The bad thing comes in the way in which this campaign has been pitched. We hear that Bob Geldof has told artists not to criticise George Bush from the stage. I would have thought that that quite limits their scope. He and Bono have also gone around the world flattering, and speaking very sweetly to Blair and Bush and all the powerful people whom they hope to influence, which is all very well, but what they have done is to create a narrative which says that the G8 is there to help. If only we can persuade them to be a little bit kinder towards the poorer nations, then that will sort the problem out. What we don't hear is the extent to which the G8 is doing harm. The impression that we get is that the G8 has been set up to deal with world poverty, not set up to enhance the power of the wealthiest 8 nations, or more specifically the leaders of the wealthiest nations. That aim is 180 degrees opposed to the aim of sorting out world poverty, and if you look at the actual aims these individual countries pursue, you find they are amongst the principal reasons for the continuing poverty in Africa and elsewhere.

The problem is that they are being presented as the potential bringers of charity, rather than being presented as the cause of the problem in the first place.

The initiative has focussed primarily on debt relief and boosting aid. While they do include trade reform, in your opinion is the emphasis wrong? Should more focus be on trade reform?

It has been bringing in all three areas of debt, trade, and aid, and I'm glad it's been doing that. There has undoubtedly been an emphasis on debt cancellation, though. It's not necessarily a bad thing. We definitely need to see debt cancellation, but what I've been really disappointed by is the response, particularly of Geldof and Bono, to the debt cancellation package announced by G7 finance ministers a couple of weeks ago. They welcomed it, in Geldof's case as a major victory for the campaigners, and in Bono's case as a little piece of history in the making, yet what that contained were things called 'conditionalities', the things that poor countries must do in order to qualify for that debt relief, which are as onerous, as burdensome as the debt itself is. The conditionalities amount to having to open up their economies to trade, to flows of capital, having to privatise their public services, all the things which have caused so many of Africa's problems already. They'll have to do more of that to qualify for debt relief. I was extremely disappointed when I saw those glowing statements of recommendation by Geldof and Bono, unqualified by the powerful statements that we should have heard calling for debts to be cancelled unconditionally. There is no justification whatsoever for putting conditions on the cancellation of debt.

But surely ‘conditionalities’ are important. We can argue over what ‘conditionalities’ are ethical, for example the imposition of neo-liberal policies may be unethical, but the imposition of a free press, ombudsmen etc may be beneficial and important to a society emerging from poverty. Surely some ‘conditionalities’ can be justified?

I can quite understand that some conditions are appropriate when you're giving aid, and those conditions should ensure that aid is not misspent, that it doesn't end up buying private planes for Presidents, or ending up in someone's Swiss Bank account.

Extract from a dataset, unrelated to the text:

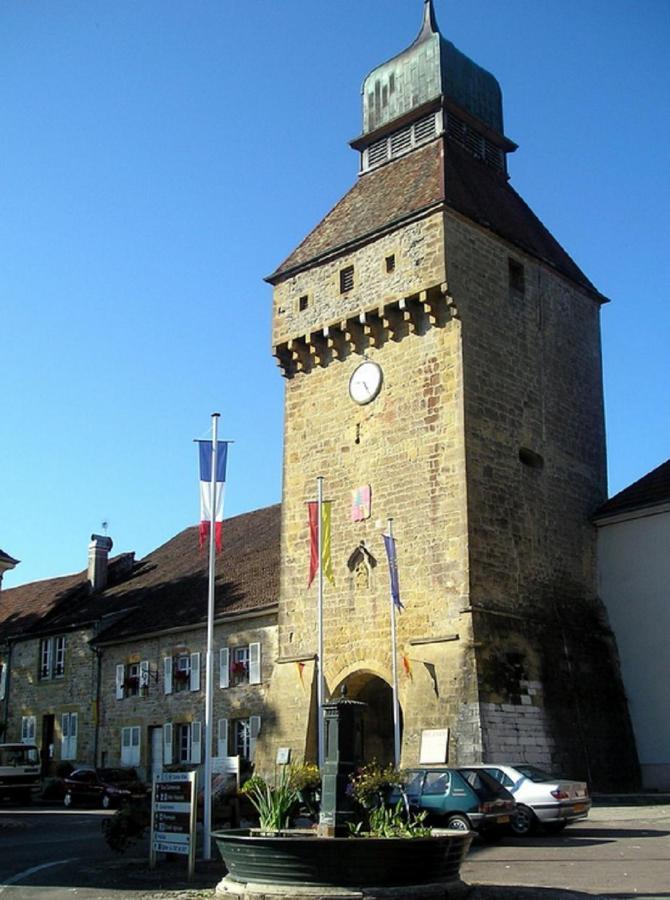 Hôtel Les Remparts Nozeroy Exterior foto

I can totally understand that, but when it comes to debt relief, putting conditions on it effectively amounts to saying 'we will stop punching you in the face, if you give us your crown jewels'. It's an extortion racket. Debt is widely acknowledged as being unfair – the levels of debt that the poorest nations have to pay. It's been paid off many times over already in terms of very high interest rates. The money the poor are deemed to owe the rich surely pales into insignificance beside the money the rich should owe the poor in terms of the resources we've looted, the labour we've stolen, the damage we're doing to those countries in terms of climate change. So the moral case for saying we abandon the debt without any conditions is absolutely clear. The moral case for putting conditions on debt relief are the same as those for extortion, for saying we'll continue beating you up unless you give us your country's resources.